Attendees were then treated to a lively, humor-filled commencement address by Alfredo Corchado, Mexico and border bureau chief for the Dallas Morning News and author of two nonfiction books, Midnight in Mexico: A Reporter’s Journey and Homelands: Four Friends, Two Countries, and the Fate of the Great Mexican-American Migration.
In his speech, Corchado charted his academic and professional career. The oldest child of nine in an immigrant family from Mexico, he recalled the circumstances that led him to quit high school—as well as the people that encouraged him to return and eventually earn a college degree at University of Texas El Paso.

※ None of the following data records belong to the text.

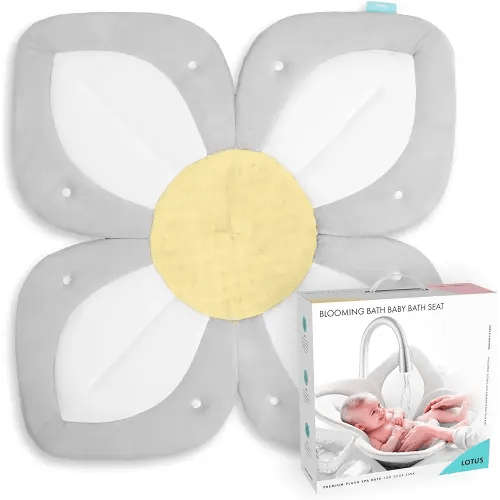 Blooming Bath Baby Bath Seat - Baby Tubs for Newborn Infants to Toddler 0 to 6 Months and Up - Baby Essentials Must Haves - The Original Washer-Safe Flower Seat (Lotus, Gray/White/Yellow)
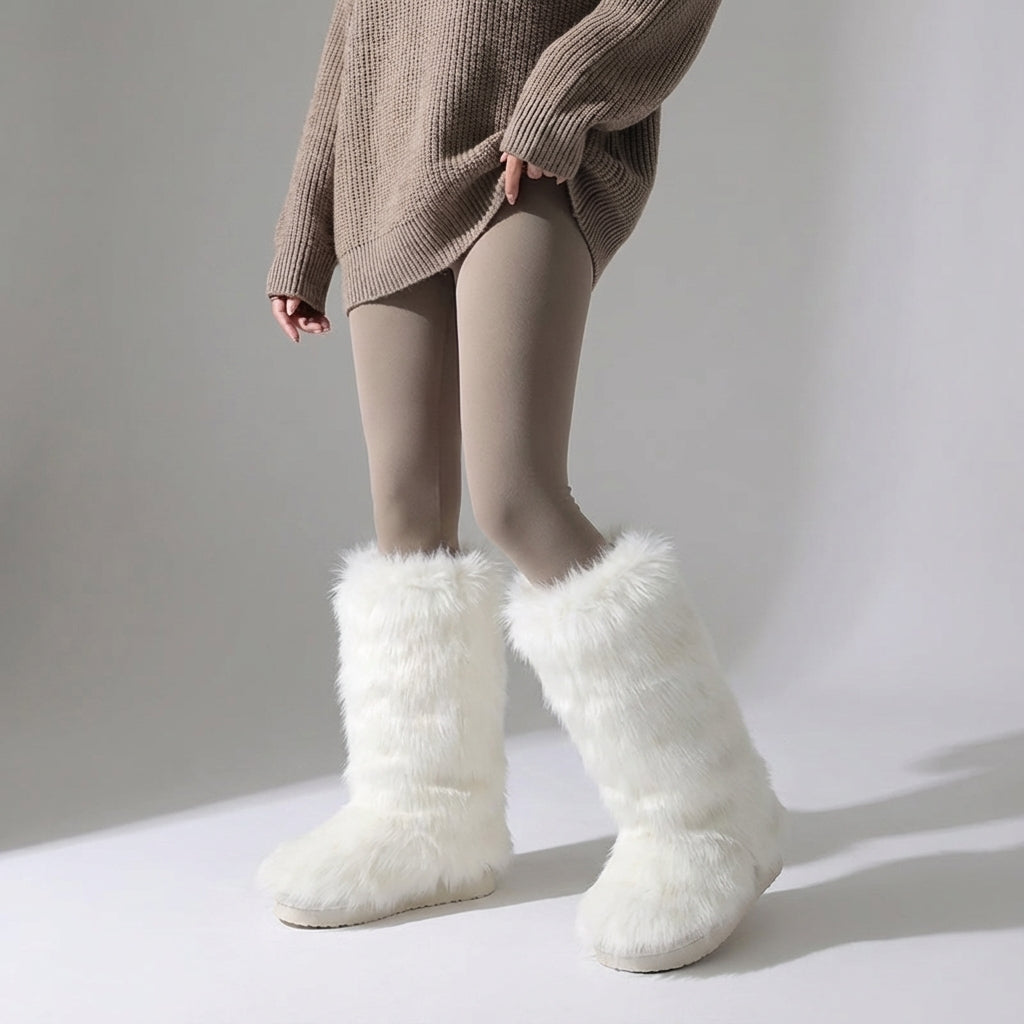 Women's knee-high fuzzy winter boots with plush lining slip-on closure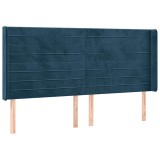 Cumpara ieftin Tablie pat cu urechi albastru inchis 183x16x118/128 cm catifea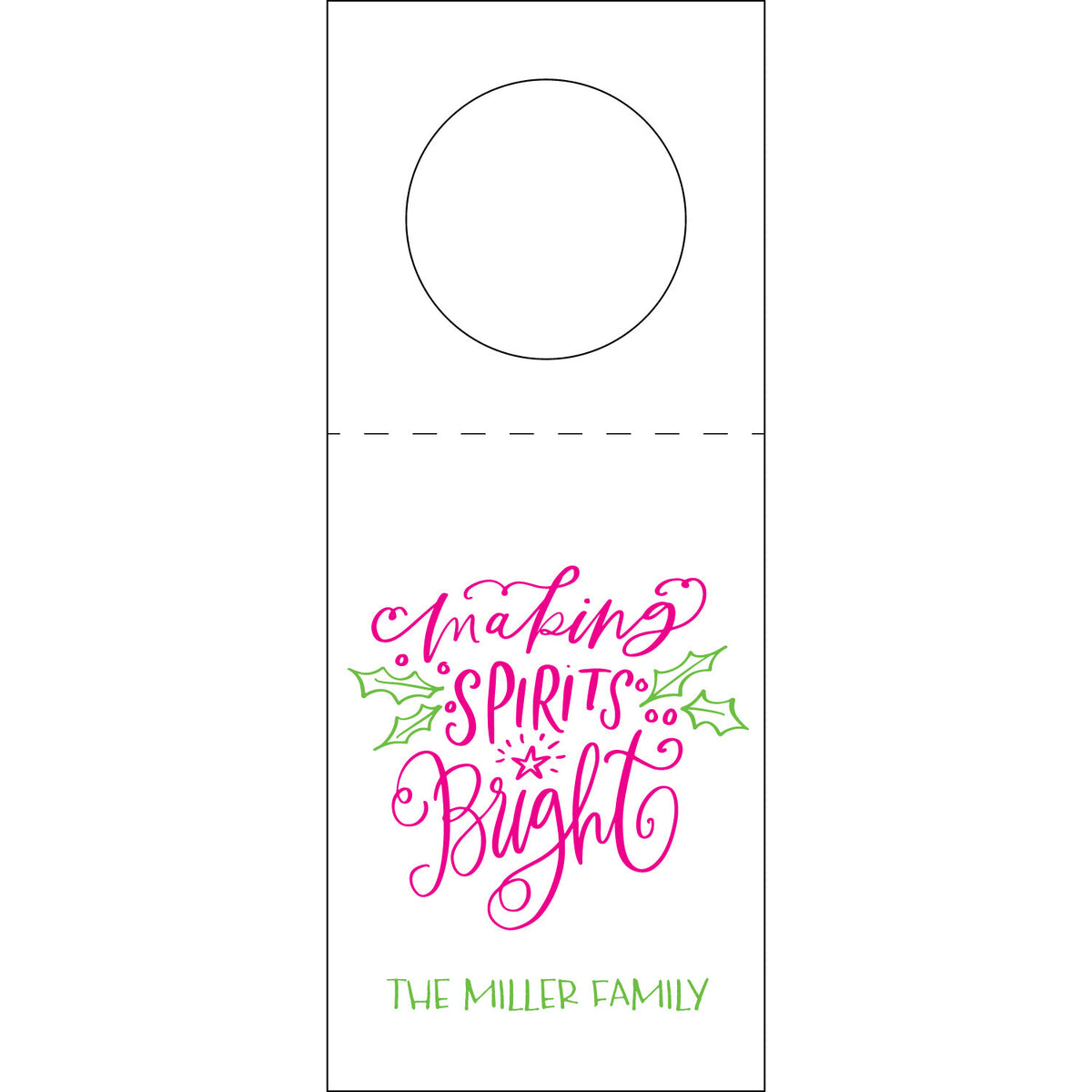 Making Spirits Bright Wine Tag WT411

One of those people was his mother, who, he says, “bribed” him with the promise of a Chevy Camaro. To get it, she asked of him three things: “Leave California, where all you see are fields and your role model is Cesar Chavez, who led the United Farmworkers Union, of which my parents were members of. You need to go to El Paso, where we had family, because I’ve seen Hispanics there and they wear suits and ties. Second: You must agree to go back to school, enroll in college, anywhere. Just get that education. Third: Promise you won’t get married until you get that diploma.”
He did what she requested, and “a week later,” he said, “I’m driving that white Camaro without the T-Tops, wind blowing in my hair, alongside my brother Mario, listening to ‘Hotel California,’ headed for El Paso.”
Corchado went on to offer graduating Johnnies his own triad of advice (though no car): “Surround yourself with people who believe in you, challenge you, push you up the hill;” “Find your own voice, your purpose;” and, finally, “Take that risk. Seize the opportunity and enjoy this moment with your family and loved ones.”
As degrees were conferred—bachelor of arts by Sterling and masters of arts by Ned Walpin, Associate Dean for Graduate Programs—the graduates did exactly that. Congratulations to all of them!